His latest creation, the world’s first talking fishing boat, is a 20-foot power catamaran that utilizes synthesized speech.
“With assistance from my sponsors, I’ve been able to focus on developing interest to anglers with vision loss” he said. “This includes talking compasses, GPS, depth sounders, and beeping homing and obstacle-detection devices.”
With 11 million North Americans estimated to be living with significant vision loss, and with this number expected to rise with an aging population, the work Euteneier does is opening the doors to many.
“My goal is that everyone with vision loss will have the opportunity to learn about and try fishing” he said.

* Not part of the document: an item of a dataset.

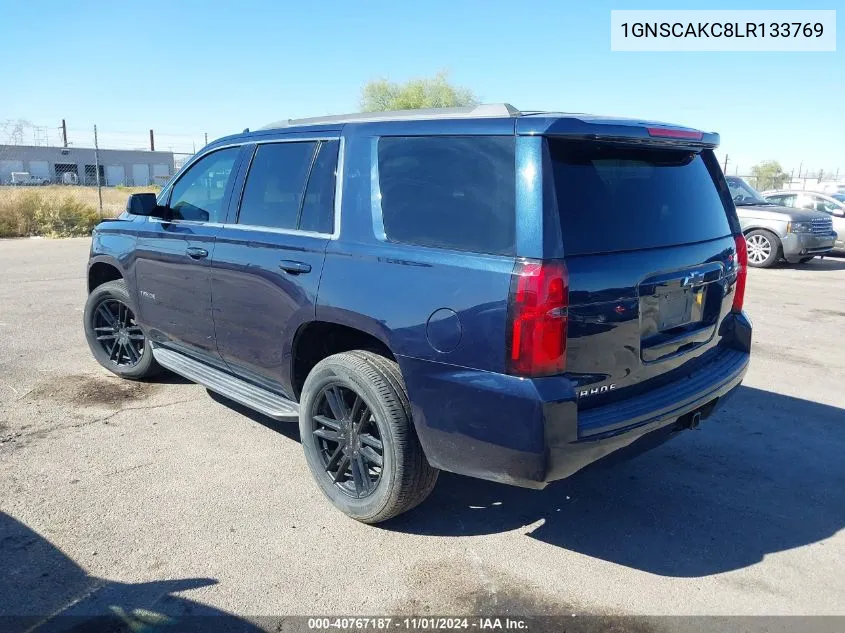 2020 Chevrolet Tahoe 2Wd Ls VIN: 1GNSCAKC8LR133769 Lot: 40767187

Not content with this alone, Euteneier also enjoys canoe camping, competitive dragon-boat racing, triathlons and participating in a celebrity blind car race. He’s also a recipient of the Meritorious Service Medal from the Governor General for his work in breaking down barriers for people with disabilities. “I’m likely the only blind person in Ontario to have a hunting licence, and I used it to participate in the spring bear hunt” he said. “I would forgo the tree stand and instead place myself about 25 feet from the bait. I generally got my bear- a large, furry, black target on a bright green background. When I didn’t though, being run over by a startled animal was always a potential hazard”.
Lawrence Euteneier is a champion for the visually impaired. Not only is he passionate, caring and innovative, he’s also one of the most down to earth and friendly guys you could ever wish to meet. The fishing world is lucky to have him among its ranks.